Die EU-Studie nimmt sich alle Lärmquellen vor: vom unterschwellig Stress verursachenden Summen von Computern am Arbeitsplatz bis hin zu Flug- und Bahnlärm. Immerhin sind laut Studie mehr als die Hälfte aller EU-Bürger von Verkehrslärm von 55 Dezibel und mehr betroffen. Dennoch, kritisiert die Studie, setze die EU-Umgebungslärmrichtlinie (Environmental Noise Directive) weder Obergrenzen für Lärm fest noch benenne sie spezielle Maßnahmen in konkreten Aktionsplänen.

"Ja, wir sind noch am Anfang eines langen Prozesses", sagte denn auch Groote. Mit ein Grund sei, dass viele EU-Mitgliedstaaten zurzeit mit ganz anderen, elementaren Problemen zu kämpfen haben: Stichwort Wirtschaftskrise. ein anderes Problem sei die uneinheitlichen Messverfahren in den einzelnen Ländern.

Sein Rat an die Initiativen: eine europäische Bürgerinitiative. Sammele man eine Million Unterschriften in sieben Mitgliedsstaaten, davon 250 000 in Deutschland, seien die Kommission und das EU-Parlament gezwungen, die Sprecher anzuhören. "Dann kommt Schwung in die Sache", meinte Groote.

Franz-Josef Feldmann, beim Bundesumweltministerium unter anderem für die Umsetzung einer EU-Umgebungslärmrichtlinie zuständig, sieht indes kaum Chancen für eine EU-weite Einigung: "Ich sehe nicht, wie wir uns auf einen ambitionierten Grenzwert einigen können. Die Interessen von etwa Rumänien und den Niederlande liegen doch meilenweit auseinander." Seiner Ansicht nach komme man nur auf nationaler Ebene weiter.

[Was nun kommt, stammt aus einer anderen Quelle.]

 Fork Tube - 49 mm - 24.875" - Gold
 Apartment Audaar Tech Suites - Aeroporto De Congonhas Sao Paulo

Betriebsbeschränkungen für laute Waggons, beispielsweise Nachtfahrverbote für solche Wagen, ließe die Gesetzgebung bereits heute zu. Nur wenn man solche Beschränkungen national durchsetze, würde sich die EU gezwungen sehen, entsprechende Richtlinien EU-weit auf den Weg zu bringen.

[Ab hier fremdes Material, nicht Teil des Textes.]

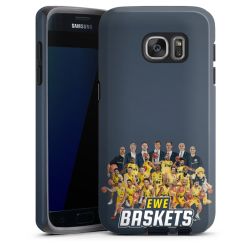 Tough Case glänzend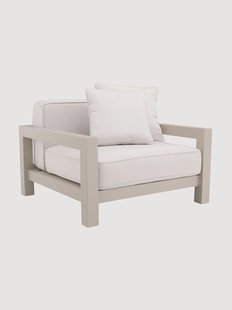 Tuin armstoel Antibes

Ein Vorschlag, der von Aktivisten wie etwa Gerd Kirchhoff, Vorsitzender des BIN gegen Bahnlärm (Bürger Initiativen Netzwerk), begrüßt wurde: "Freier Güterverkehr bedeutet ja nicht uneingeschränkte Durchfahrerlaubnis."

Anti-Lärm-Aktionen

Die Bürger Initiativen Netzwerk gegen Bahnlärm laden für Freitag, 19. April, 19 Uhr zu einem Infoabend in den Gemeindesaal St. Elisabeth, Bernhard-Custodis-Straße 1 in Bonn, ein. Am Tag gegen Lärm am Mittwoch, 24. April, lädt die Stadt zu einem Lärmspaziergang ein. Treffpunkt ist um 17 Uhr am Eingang der Botanischen Gärten, Meckenheimer Allee 171. Am Sonntag, 28. April, veranstalten mehrere Initiativen um 15 Uhr ab Hauptbahnhof eine Demonstration mit Kundgebung auf dem Marktplatz.